Authoritative summary of the backend Lambda endpoints for client library development. Aligned with SECURITY_MODEL.md and client_example.py.

Core Principles

  • Single-use tokens: Every grading interaction is gated by HMAC-SHA256 tokens issued by token_generator. Tokens are single-use, expire after 1 hour, and are tied to student_id + test_case (use homework_id as test_case for grade retrieval).
  • Rate limiting: Token generation is limited to 3 requests/minute per student.
  • Two-token flow: Clients request two tokens per submission: token1 (fetch test) and token2 (save grade). Grade retrieval also requires two tokens tied to homework_id + student_id.
  • Environment-driven secrets: SYSTEM_SALT is provided via Lambda env var (not config files).
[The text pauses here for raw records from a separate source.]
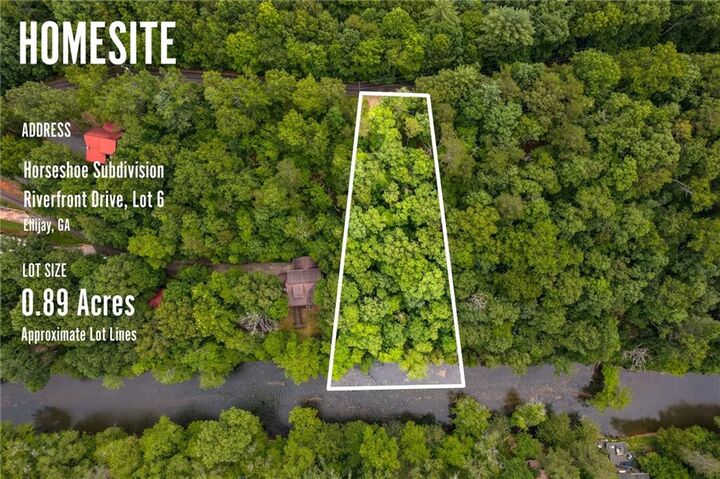 Property Photo:  Lot 6 Riverfront Drive  GA 30536 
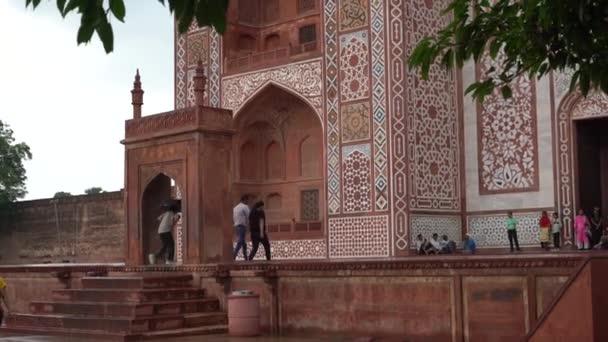 Agra India Agosto 2022 Visita Turistica Alla Tomba Akbar Grande — Video Stock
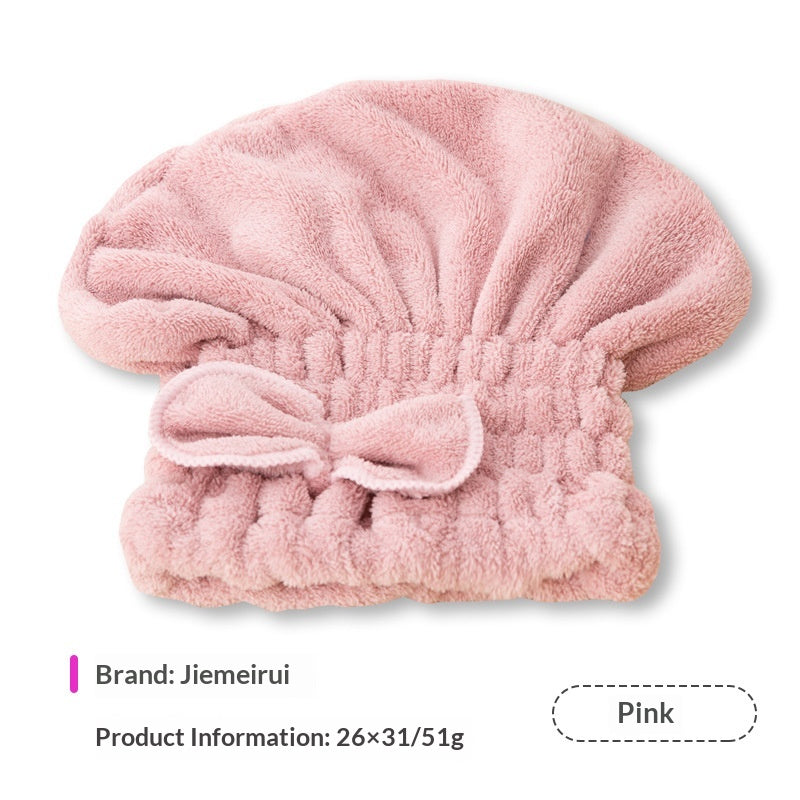 Cute Korean-style Water-absorbent Hair-drying Towelbath Cap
Course secret is retrieved from DynamoDB Classes table via course_id filter and secret_key value.
  • HTTP Methods:
    • token_generator: GET (recommended) or POST - for retrieving tokens without side effects
    • All other endpoints: POST - for submitting data and modifying state

Endpoints Overview

1) token_generator (Lambda)

Generates a pair of single-use tokens for a student & test case.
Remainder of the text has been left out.